Evaluation has affected the behavior of members of the Foreign Service in the latter half of the 20th century. Generally, evaluations were positive. Therefore, any negative comment would stand out and make the recipient a likely candidate for “selection out.” If a foreign service officer, did not move upward in seven years, he or she would be selected out. Coupled with the attacks on the State Department by Sen. Joe McCarthy, a spirit of extreme caution permeated the agency and briefings failed to reflect actual occurrences in foreign locales. It is no wonder that a common appellation for the department was “the fudge factory.”
On another front, a Post-Dispatch article mentioned the concerns of the University of Missouri-St. Louis about a new federal scheme to evaluate higher education. Officials want to know if the federal dollars poured into colleges and universities were paying off. Their measurement would be the average salary of graduates from a particular school. A singular measure such as this — without controls — would provide fallacious evidence. At a minimum, there should be controls for major, where the graduate is living and the type of institution. UMSL, with its high percentage of transfer students and first-time college attendees in a family, is going to be different than Mizzou, let alone Harvard.

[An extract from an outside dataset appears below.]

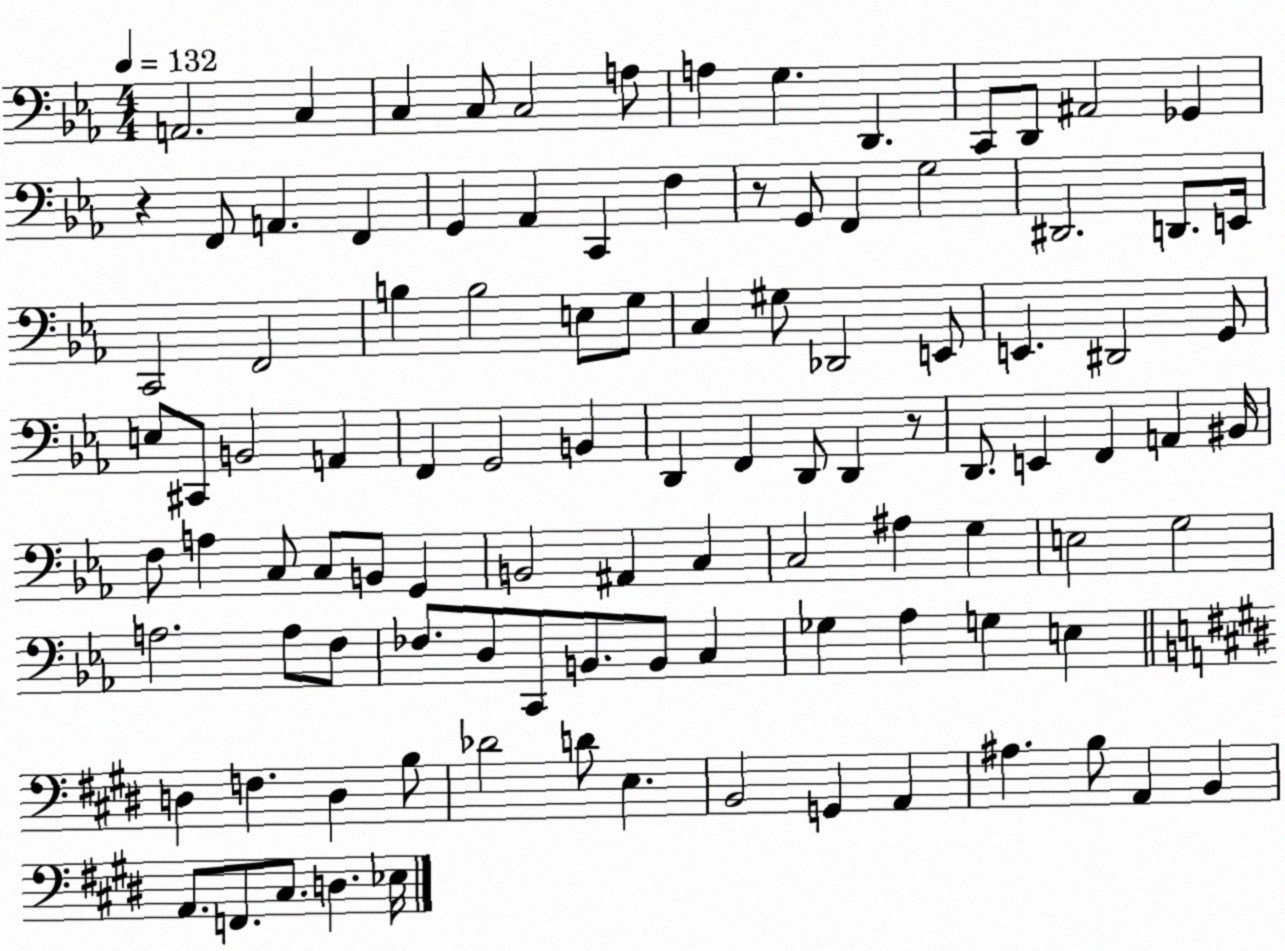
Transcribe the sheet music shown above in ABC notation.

Again, when a simple measure is chosen, it can be misleading and can affect behavior and the allocation of resources.
When I learned to drive many years ago in Detroit, I was cautioned to be especially careful at the end of the month. Traffic officers would be out to fill their quota. Presumably you could get away with certain offenses early in a month. Assuming this was true, evaluation affected the behavior of police and drivers.
We can fault Shinseki for not understanding the effects of his standards and perhaps not comprehending the nature of bureaucracy. Regrettably, many governmental administrators do not.
Lana Stein is a professor emerita in political science at the University of Missouri-St. Louis.